■ Work instructions ■
Each line of the material below is to be written out exactly. Leave out any picture.

■ Provided data ■
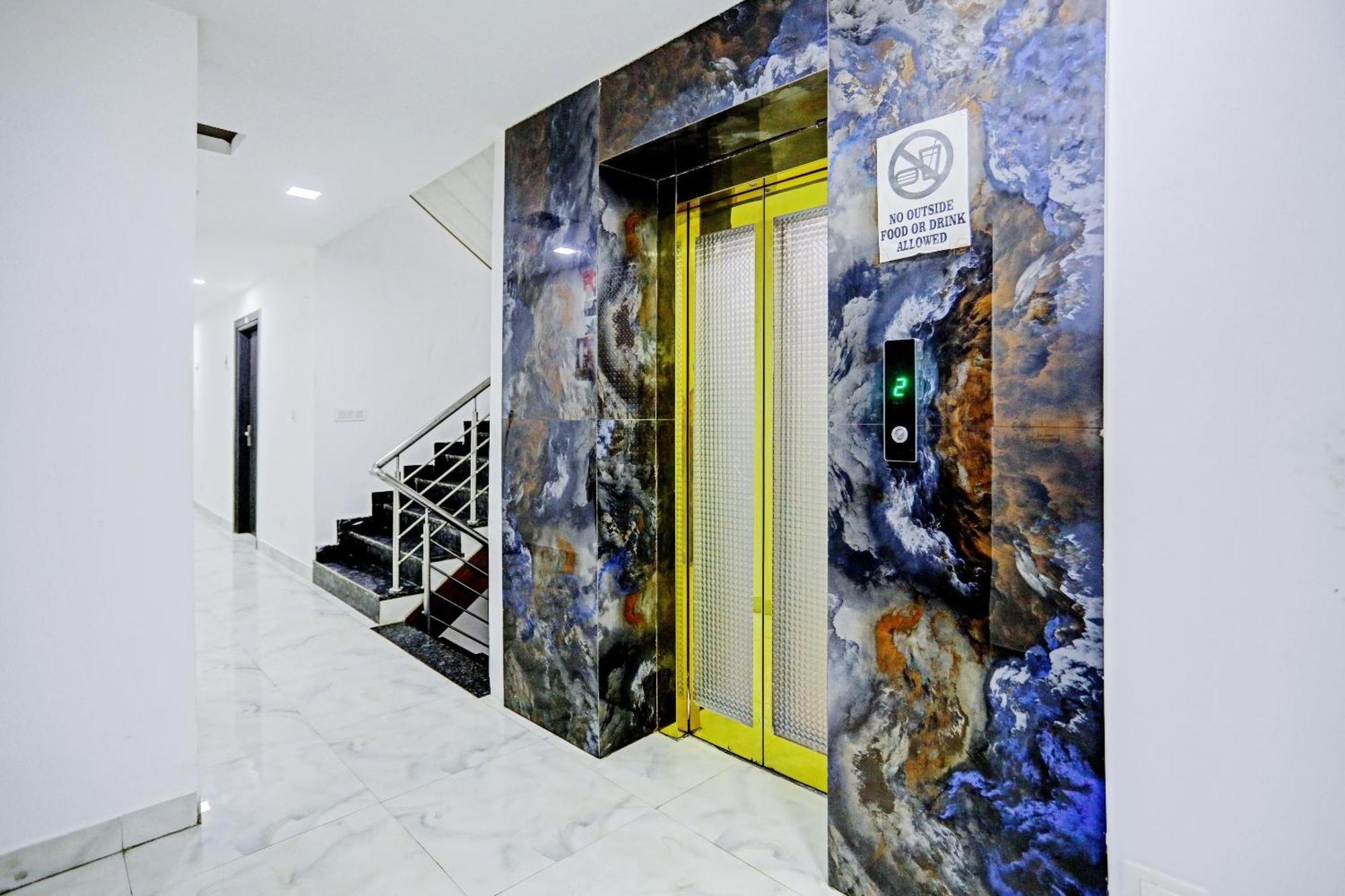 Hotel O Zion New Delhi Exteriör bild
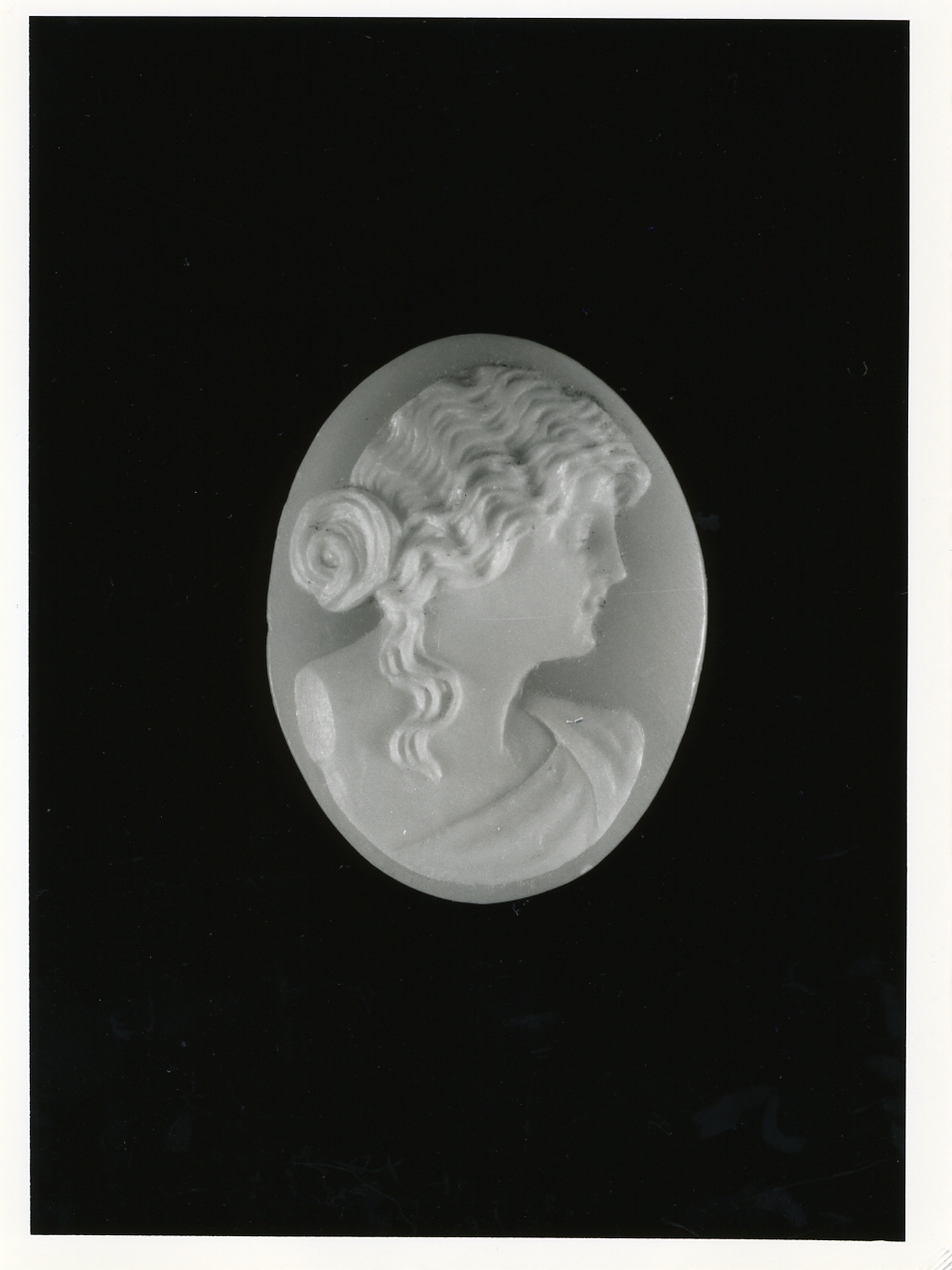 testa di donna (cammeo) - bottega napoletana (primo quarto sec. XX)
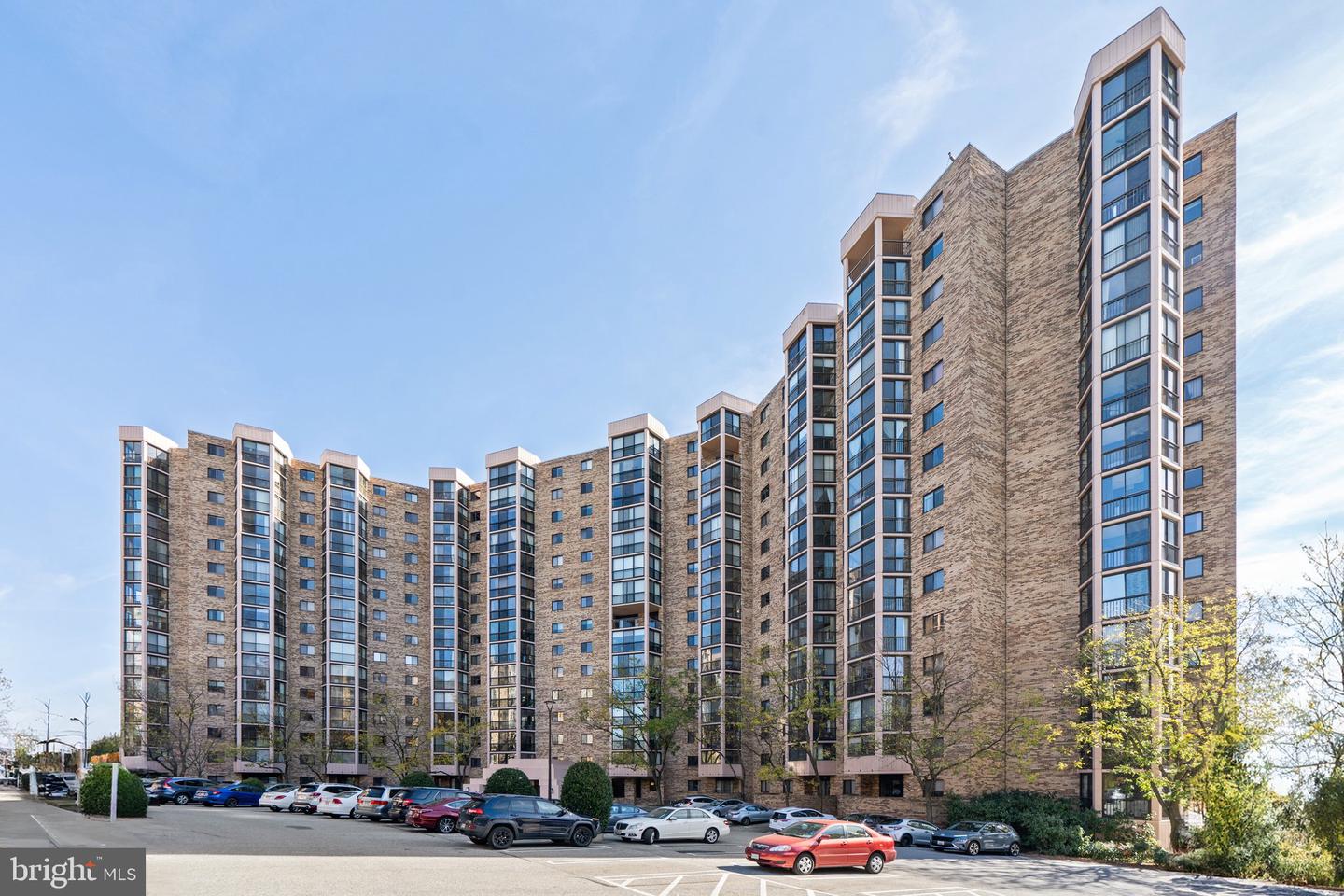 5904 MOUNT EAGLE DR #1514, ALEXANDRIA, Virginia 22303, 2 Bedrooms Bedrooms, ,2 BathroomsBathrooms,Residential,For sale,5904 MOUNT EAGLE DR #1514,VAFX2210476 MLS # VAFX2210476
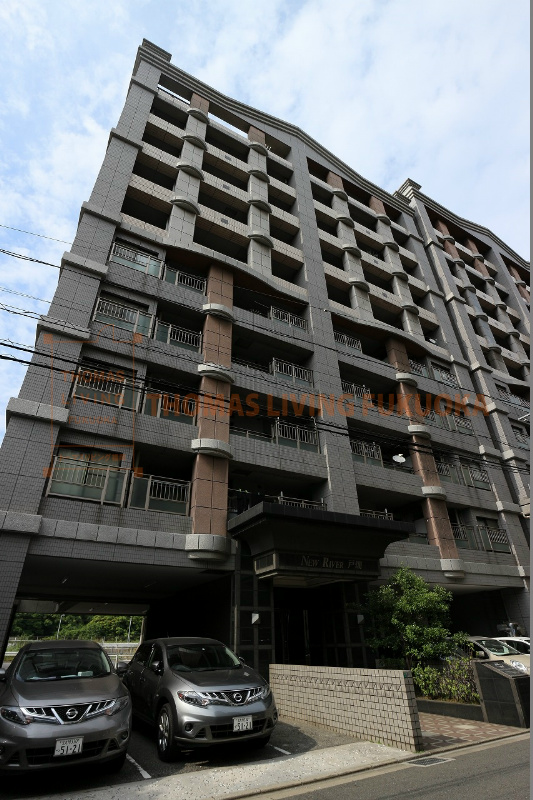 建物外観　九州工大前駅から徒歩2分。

■ Your solution ■
 Hotel O Zion New Delhi Exteriör bild
 testa di donna (cammeo) - bottega napoletana (primo quarto sec. XX)
 5904 MOUNT EAGLE DR #1514, ALEXANDRIA, Virginia 22303, 2 Bedrooms Bedrooms, ,2 BathroomsBathrooms,Residential,For sale,5904 MOUNT EAGLE DR #1514,VAFX2210476 MLS # VAFX2210476
 建物外観　九州工大前駅から徒歩2分。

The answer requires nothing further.